The one-part foam demonstrates dramatically inferior sealing performance. This should be of significant concern to engineers committed to the installation of robust cable systems.
Another issue is the misperception that such foams are fire retardant because they’re described as fire or smoke blocks. They are tested according to UL 723 for fire and smoke generation. This classification does not indicate fire retardancy and there are no pass/fail criteria for this listing. This fire/smoke property is often a selling point for such products. To quantify the fire properties, several one-part foams were tested to UL 94. Foam was sprayed on a sheet of release paper and cut into 6-inch X 2-inch X ½-inch (15.2-cm X 5.1-cm X 1.3-cm) pieces. The pieces were placed in a holder and exposed to flame for 1 minute. The flame is removed so that flame spread can be observed. The flame totally consumed the foam in 150 seconds.
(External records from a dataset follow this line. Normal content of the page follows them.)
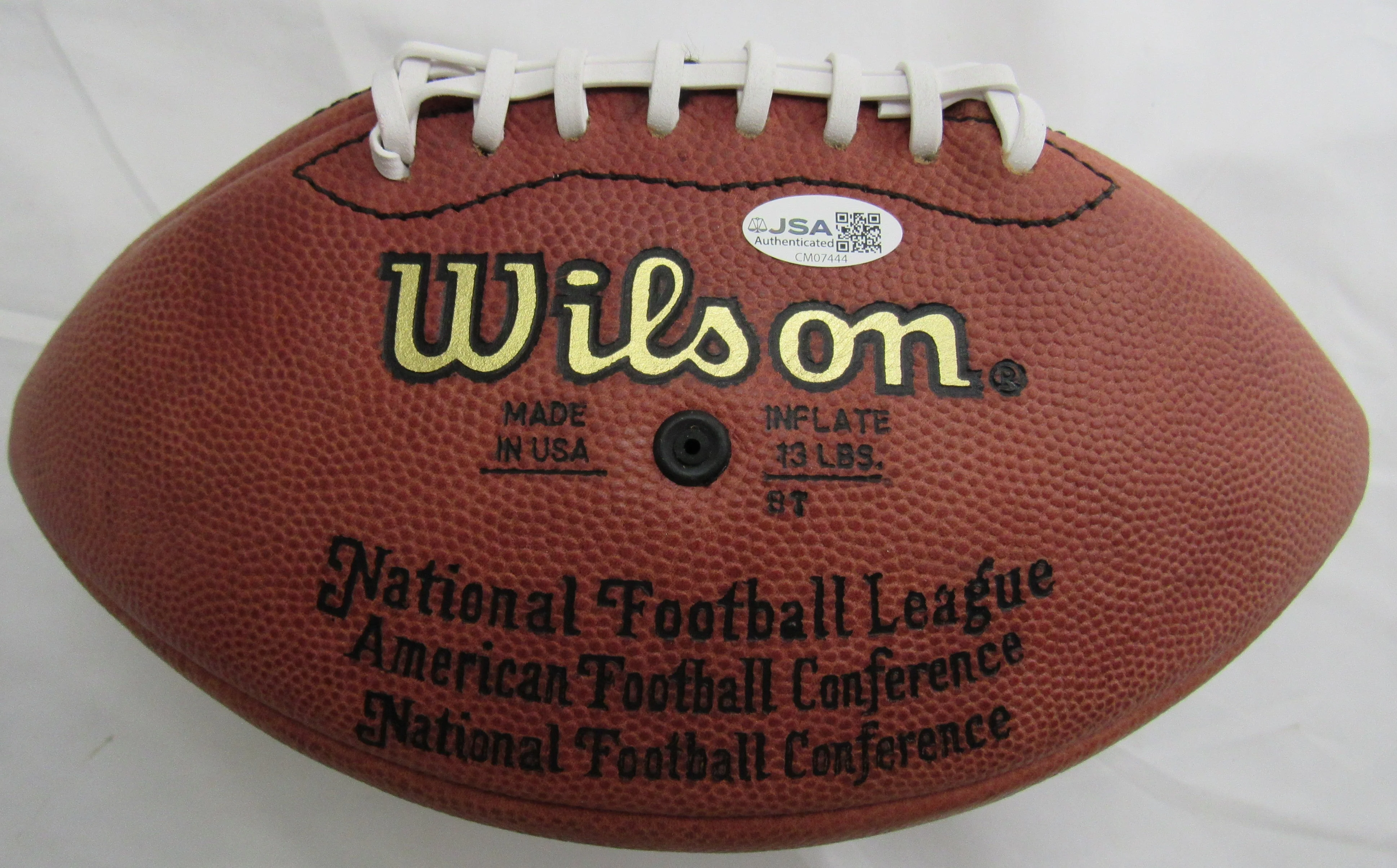 Marshall Faulk Signed Auto Wilson Football JSA CM07444 - Image 3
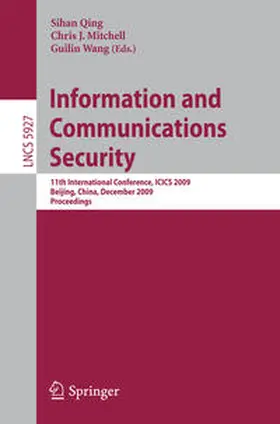 Qing / Mitchell / Wang | Information and Communications Security | E-Book | sack.de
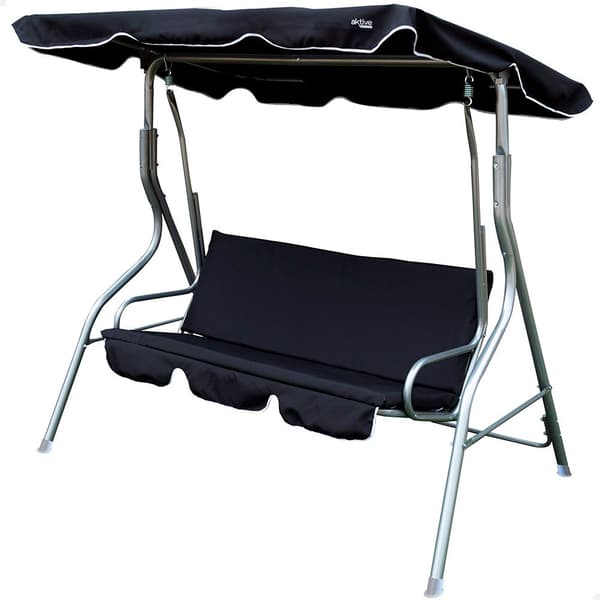 Aktive Garden Swing Seat 180x107x160 Cm Silver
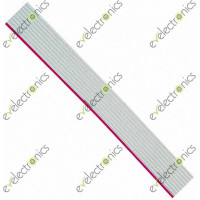 10-Wire IDC AWG28 Flat Ribbon Cable 1.27mm Pitch (Per Foot)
One-part foams are not fire retardant. No fire rating under UL 94 can be assigned. Foams that have been engineered to seal conduits are often designed to be self-extinguishing under UL 94. These latter foams may carry an HBF Fire Retardant rating.
|Related Content: Understanding and Mitigating Manhole Explosions: An Interview with Stuart Hanebuth|
What is at Risk?
When water flows in a conduit through a failed seal, what is at risk? Is it more than just the cable (which is obviously expensive enough)? What else is downstream that can be damaged?
Analysis of the true cost of a cable and conduit installation should extend through the expected lifetime of the system itself, including estimated expenses for repair and replacement. The cost of premature cable failure, compromised electrical apparatus, damaged telecommunications equipment, ruined carpets and flooring, and even stained drywall due to failed duct seals should weigh heavily in this analysis. Consider, too, the potential cost of service outages. Is there any legal liability for any resulting damage?
The next step is to assess the source of the threat. If seals fail, will the potential damage be caused by worst-case rainfall, ocean surge, noxious gas buildup, animal infestation, etc. Can those threats be quantified? How much water head or gas pressure must be resisted for realistic integrity?
What is the Solution?
The solution is to analyze the risks and engineer the system. This includes specifying performance-based sealing materials. Don’t allow the entire system to be threatened by something many view as merely an inconsequential matter: sealing the conduit with a cheap and handy one-part canned foam.
|Related Content: Sealing Conduits for Resilient Electrical and Telecommunication Systems|
Ultimately, the solution is specification of alternate sealing products that meet performance parameters appropriate for the installation, such as two-part, closed-cell foams or mechanical seals. Sealants should be sourced from reputable manufacturers offering products developed, tested, and rated specifically for conduits.
After the 2011 tsunami disaster at the Fukushima nuclear plant in Japan, a worldwide reevaluation of flooding hazards and mitigation at all other nuclear sites soon followed. Suffice it to say that today very few of the critically important conduits at nuclear plants are sealed with one-part aerosol foam. Such seals are engineered for robust performance and long-term integrity. That attention to detail and quality could pay dividends at countless other cable installations worldwide.